Secret Source

This article describes how to configure different secret sources.

The secret source value is used to decrypt/encrypt the users password. E.g. for external mail accounts. It is provided via the com.openexchange.secret.secretSource property.

The source accepts either a single source or a list.

Single source

A source is a combination of literals and placeholders connected by the '+' sign. Literals are surrounded by single quotes (e.g. '@'). Placeholders are as the name suggests placeholders for values injected during runtime. They are surrounded by smaller than and greater than signs (e.g. ).

A valid source could look like this: <user-id> + '@' + <context-id>

Here are the supported placeholders:

password

Denotes the user password.

user-id

Denotes the user identifier.

context-id

Denotes the context identifier.

random

Denotes the value specified in property com.openexchange.secret.secretRandom.

session-parameter:[parameterName]

This denotes a session parameter. This is a special placeholder which accepts the parameter name as an argument.

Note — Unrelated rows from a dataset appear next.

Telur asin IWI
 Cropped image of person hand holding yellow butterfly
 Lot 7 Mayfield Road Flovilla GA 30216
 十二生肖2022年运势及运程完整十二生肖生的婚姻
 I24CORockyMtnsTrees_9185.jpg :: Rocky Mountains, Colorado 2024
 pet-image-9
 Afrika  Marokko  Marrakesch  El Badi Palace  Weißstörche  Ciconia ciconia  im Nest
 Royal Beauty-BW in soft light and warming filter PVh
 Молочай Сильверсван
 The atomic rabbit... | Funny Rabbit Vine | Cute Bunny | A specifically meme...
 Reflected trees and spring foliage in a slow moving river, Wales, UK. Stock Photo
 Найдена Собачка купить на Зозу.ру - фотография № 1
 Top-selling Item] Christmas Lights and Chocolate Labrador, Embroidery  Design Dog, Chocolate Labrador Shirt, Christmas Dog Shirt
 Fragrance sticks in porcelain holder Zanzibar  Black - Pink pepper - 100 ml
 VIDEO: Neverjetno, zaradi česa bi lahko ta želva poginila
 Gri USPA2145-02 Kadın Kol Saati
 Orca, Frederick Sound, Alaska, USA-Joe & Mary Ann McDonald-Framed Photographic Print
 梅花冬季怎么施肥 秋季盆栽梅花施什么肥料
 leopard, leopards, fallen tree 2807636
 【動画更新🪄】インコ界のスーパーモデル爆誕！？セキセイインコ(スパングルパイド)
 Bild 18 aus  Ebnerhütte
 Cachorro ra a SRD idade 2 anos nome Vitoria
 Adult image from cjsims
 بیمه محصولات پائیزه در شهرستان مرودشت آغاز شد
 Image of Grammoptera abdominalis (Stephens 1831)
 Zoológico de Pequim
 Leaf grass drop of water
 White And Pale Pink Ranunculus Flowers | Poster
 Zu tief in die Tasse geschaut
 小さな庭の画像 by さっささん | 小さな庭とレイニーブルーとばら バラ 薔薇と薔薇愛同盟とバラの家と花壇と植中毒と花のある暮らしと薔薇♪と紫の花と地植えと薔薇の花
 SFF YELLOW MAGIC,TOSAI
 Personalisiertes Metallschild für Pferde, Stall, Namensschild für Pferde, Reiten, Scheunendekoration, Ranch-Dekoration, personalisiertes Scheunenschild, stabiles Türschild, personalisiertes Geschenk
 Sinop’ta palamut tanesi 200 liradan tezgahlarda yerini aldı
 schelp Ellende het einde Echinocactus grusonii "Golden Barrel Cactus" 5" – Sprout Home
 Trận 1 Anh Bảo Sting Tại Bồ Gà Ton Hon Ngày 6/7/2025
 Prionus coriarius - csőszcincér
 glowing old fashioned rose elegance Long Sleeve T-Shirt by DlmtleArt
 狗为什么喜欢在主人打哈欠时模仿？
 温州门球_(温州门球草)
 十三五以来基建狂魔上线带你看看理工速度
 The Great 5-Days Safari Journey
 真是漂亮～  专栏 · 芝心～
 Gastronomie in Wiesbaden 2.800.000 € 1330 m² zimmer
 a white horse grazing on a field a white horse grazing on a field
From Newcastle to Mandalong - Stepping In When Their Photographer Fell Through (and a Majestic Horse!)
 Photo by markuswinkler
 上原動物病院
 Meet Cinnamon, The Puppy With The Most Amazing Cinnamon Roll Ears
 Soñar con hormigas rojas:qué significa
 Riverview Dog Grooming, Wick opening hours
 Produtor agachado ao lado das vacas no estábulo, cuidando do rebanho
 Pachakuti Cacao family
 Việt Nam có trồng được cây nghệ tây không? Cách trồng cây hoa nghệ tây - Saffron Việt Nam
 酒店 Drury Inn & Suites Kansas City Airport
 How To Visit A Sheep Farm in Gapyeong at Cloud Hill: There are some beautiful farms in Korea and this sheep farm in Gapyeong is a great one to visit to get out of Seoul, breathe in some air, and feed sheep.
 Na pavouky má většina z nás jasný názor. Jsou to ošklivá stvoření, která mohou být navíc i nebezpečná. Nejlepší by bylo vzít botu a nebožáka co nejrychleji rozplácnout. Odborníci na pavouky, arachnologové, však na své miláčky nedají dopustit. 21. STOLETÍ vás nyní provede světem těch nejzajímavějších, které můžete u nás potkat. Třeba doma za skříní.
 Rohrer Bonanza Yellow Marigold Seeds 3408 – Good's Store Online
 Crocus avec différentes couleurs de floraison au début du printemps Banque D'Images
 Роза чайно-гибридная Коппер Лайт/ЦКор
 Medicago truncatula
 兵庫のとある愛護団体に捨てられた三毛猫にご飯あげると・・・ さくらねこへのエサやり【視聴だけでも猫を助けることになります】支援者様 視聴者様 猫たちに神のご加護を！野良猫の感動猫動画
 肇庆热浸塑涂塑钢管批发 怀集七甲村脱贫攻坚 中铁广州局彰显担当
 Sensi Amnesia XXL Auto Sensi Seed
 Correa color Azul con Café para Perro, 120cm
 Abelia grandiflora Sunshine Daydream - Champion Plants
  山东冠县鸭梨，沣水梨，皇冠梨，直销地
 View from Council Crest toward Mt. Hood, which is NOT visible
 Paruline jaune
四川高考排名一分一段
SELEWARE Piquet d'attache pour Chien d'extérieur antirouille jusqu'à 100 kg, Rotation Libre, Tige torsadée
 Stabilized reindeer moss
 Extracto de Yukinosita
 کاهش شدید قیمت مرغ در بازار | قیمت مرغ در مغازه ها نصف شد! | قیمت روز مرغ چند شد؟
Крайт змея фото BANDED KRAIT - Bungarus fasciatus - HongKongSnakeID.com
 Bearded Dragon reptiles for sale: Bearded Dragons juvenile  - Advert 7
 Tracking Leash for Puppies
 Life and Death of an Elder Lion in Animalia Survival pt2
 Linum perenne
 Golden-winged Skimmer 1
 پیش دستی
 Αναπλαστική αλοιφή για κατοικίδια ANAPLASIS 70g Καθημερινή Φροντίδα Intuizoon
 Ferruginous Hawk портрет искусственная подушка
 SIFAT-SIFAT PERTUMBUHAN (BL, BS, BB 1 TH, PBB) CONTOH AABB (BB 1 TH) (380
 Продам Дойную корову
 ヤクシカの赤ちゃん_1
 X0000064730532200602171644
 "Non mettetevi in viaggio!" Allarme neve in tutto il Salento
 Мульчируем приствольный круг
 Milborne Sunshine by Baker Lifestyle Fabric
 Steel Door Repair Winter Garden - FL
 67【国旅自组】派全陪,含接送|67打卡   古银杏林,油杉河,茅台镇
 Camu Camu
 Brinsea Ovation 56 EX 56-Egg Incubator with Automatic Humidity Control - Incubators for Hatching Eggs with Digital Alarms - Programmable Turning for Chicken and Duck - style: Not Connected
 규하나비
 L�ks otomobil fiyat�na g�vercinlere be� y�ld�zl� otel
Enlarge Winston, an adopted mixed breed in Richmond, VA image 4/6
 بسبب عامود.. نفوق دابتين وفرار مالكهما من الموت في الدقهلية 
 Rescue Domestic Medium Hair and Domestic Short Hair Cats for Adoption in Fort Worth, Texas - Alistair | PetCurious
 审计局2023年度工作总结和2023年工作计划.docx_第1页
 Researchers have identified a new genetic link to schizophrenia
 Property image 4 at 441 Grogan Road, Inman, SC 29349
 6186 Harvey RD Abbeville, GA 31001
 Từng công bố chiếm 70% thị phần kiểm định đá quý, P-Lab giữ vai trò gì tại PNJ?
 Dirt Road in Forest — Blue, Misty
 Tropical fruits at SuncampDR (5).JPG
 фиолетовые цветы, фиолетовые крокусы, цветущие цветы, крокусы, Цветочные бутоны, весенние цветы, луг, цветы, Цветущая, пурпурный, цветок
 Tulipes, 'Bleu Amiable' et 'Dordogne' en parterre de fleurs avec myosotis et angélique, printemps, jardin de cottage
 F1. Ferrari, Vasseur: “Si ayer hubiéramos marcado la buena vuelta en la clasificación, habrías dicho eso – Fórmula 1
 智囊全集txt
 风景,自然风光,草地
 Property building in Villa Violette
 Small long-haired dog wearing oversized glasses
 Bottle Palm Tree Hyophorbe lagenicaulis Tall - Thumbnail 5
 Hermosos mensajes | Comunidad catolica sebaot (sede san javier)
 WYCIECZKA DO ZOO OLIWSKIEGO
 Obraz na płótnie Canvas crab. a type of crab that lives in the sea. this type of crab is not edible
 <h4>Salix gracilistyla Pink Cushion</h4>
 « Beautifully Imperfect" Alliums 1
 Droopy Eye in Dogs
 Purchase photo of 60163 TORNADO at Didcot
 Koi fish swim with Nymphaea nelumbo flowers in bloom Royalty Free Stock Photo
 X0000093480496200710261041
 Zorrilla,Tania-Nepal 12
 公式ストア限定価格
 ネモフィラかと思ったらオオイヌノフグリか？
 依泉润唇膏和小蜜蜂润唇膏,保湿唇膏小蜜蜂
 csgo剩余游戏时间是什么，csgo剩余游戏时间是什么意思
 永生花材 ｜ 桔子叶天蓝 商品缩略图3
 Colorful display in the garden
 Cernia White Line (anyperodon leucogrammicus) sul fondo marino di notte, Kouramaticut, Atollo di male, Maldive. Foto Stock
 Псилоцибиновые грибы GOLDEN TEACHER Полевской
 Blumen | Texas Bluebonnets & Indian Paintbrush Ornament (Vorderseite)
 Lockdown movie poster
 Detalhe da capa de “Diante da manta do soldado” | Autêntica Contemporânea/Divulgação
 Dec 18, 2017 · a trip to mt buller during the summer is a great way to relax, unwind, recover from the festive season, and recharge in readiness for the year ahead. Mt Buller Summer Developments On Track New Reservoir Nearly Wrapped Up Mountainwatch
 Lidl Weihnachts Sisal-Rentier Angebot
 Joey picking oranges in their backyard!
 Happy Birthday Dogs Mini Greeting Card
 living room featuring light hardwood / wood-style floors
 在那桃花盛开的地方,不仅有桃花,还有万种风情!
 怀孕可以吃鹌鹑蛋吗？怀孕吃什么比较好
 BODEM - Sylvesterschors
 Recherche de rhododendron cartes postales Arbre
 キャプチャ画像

E.g. <session-parameter:__session.hostname>

The above example would use the hostname of the session as a secret source.

List

As suggested by the name, it is also possible to define a list of secret sources. A list can be useful in case you want to change your secret source and still want to support the decryption/encryption via the old secret source.

To configure the usage of lists, use the special <list> placeholder.

com.openexchange.secret.secretSource=<list>

Afterwards, the secrets file is used to load secret sources. Every line inside the secret file contains a secret source. The secret sources are used in order to decrypt/encrypt the users password, until decryption/encryption is successful.